I have, in the last couple of months, not eaten very much though I love good food and have always had a good, reasonably healthy diet. I eat very little now with very few proper meals. I just don’t feel like it. I get an uncomfortable feeling of fullness easily. I take 60 mg of codeine once or twice a day for the back and leg pains and abdominal pains. I switched to tramadol recently and found that they take longer to work than codeine but are better and have a longer effect when they do. I stopped them a while back as I figured out that they were the cause of some rather unpleasant side effects. I’ve now started to take them again but, not all of the time. I alternate them a bit with codeine. I have hardly ever had to take painkillers in the past and I don’t like doing it now. I try to take them as little as possible, but they are the only things that work. They have no effect on the skin pain. My back and legs have been checked and are fine structurally; there’s a little bit of small nerve fiber damage but not enough to account for the pain I’m in. These last and other tests have only happened in the last year since I have had to become more insistent about wanting some answers and treatment.

My diabetes specialist put me on gabapentin two weeks ago to try to get rid of the skin pain, though they are not convinced that it is diabetic neuropathy. So far, the pain is still bad. I have practically no life and, in the last year, even less of one. I can’t work and can hardly get to the local shops even once a week. Others have to do all the chores. In the last six months or so I’ve had a couple of very short periods, two to three weeks, where the skin pain has subsided and I’ve had slightly more energy and not felt so generally ill. I cannot account for these. It’s very hard trying to get doctors to do anything when one is so incredibly ill. This is quite an irony to me. I appreciate that they have now done a good range of tests, but I’ve only seen a gastrointestinal doctor so far, although my diabetes specialist has consulted with an endocrinologist. A CT scan showed no “Omas” or other sinister things and a gut hormone test was negative. Some of my blood tests were not quite on the mark as it were, but nothing that anyone seems bothered with. My liver tests are slightly elevated, showing what they think is a fatty liver. This has been put down to diabetes, even though it only showed this after I started to get ill three or more years ago. It irritates me that so many doctors want to dismiss anything and everything as caused by diabetes.

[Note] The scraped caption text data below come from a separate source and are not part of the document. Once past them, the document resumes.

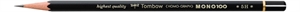 Creion Tombow MONO 100 5H (12)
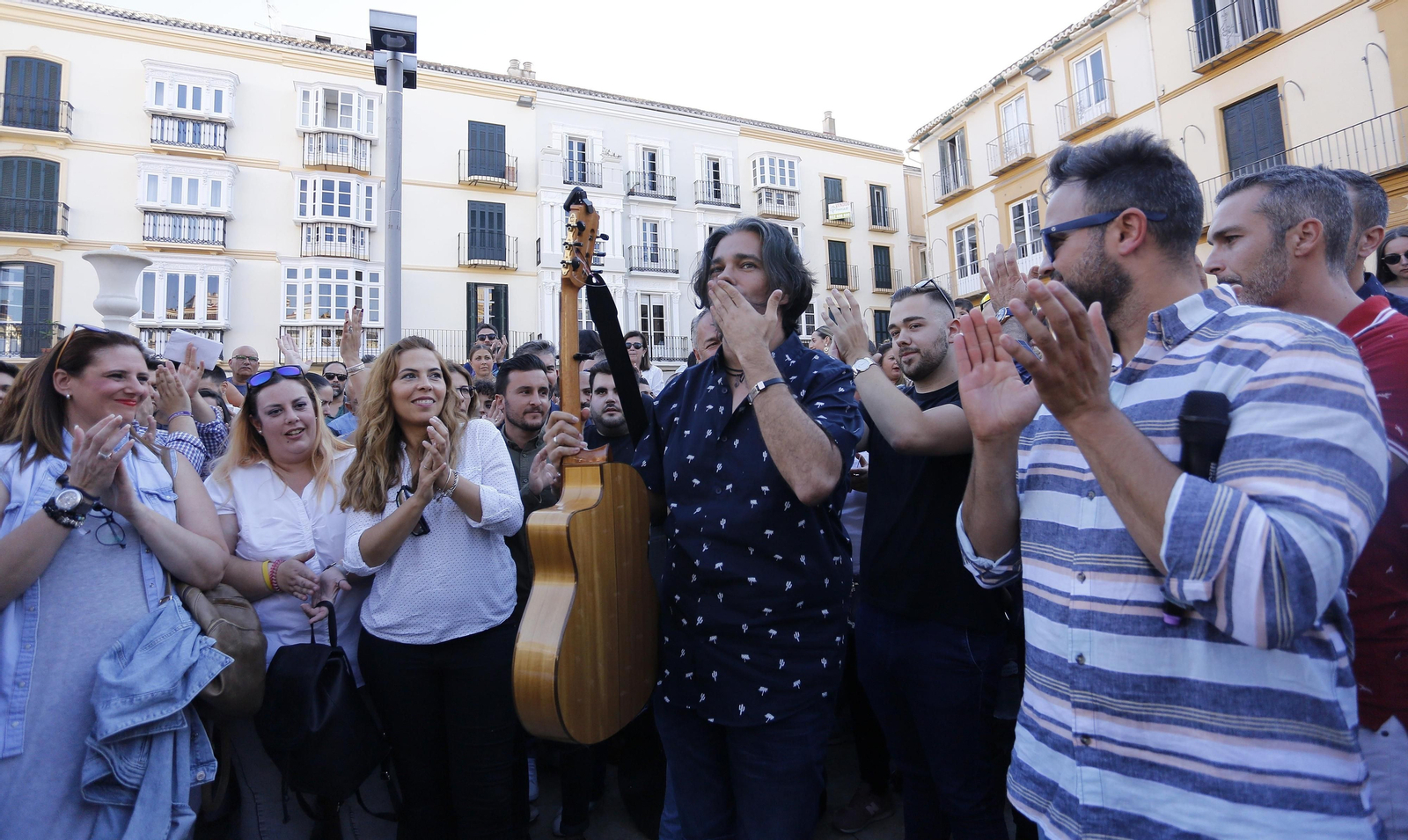 Las fotos del homenaje a Juan Carlos Aragón en Málaga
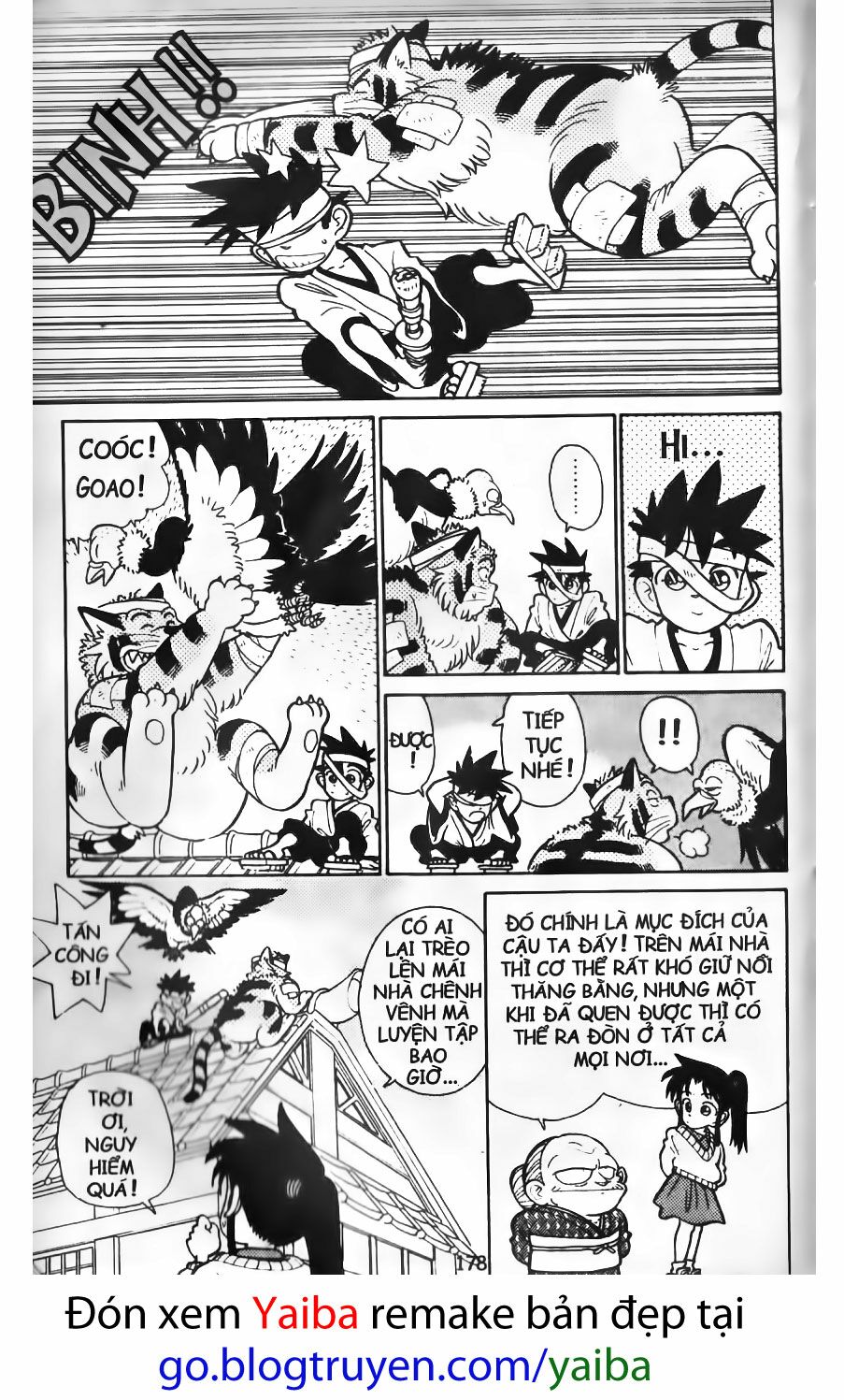 Yaiba: Chapter 9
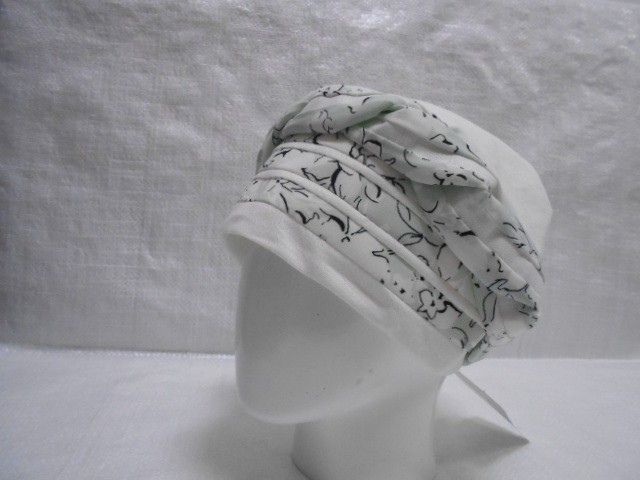  Чалма лён объём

So, has anybody out there got any ideas whatsoever? I have a couple of ideas of my own but would rather not influence people.

Answer:

From: DTeam Staff

One of the shortcomings of this medium is that I have to comment without taking a full history or performing a physical examination. Without these most basic tools, medicine will never go strictly to a computer. Having said that, and knowing that your case is complicated, it would be helpful to say that it is not obvious what the problem is. You are going to have to have a physician that is interested in you, one who is willing to work through your problems. Many questions came up reading your narrative. Do you have Raynaud’s phenomenon? This is associated with vasoconstriction in response to the cold and is present with a variety of collagen vascular diseases. Do you have autonomic neuropathy from diabetes? Do you have nontropical sprue (associated with type 1 diabetes)? Do you have adrenal insufficiency (autoimmune disease involving the adrenal glands that is associated with type 1 diabetes)? Are you having trouble with the narcotics you are taking? These are only a short list of questions.

Each of these problems will have to be systematically looked at and there is no way to know without further investigation.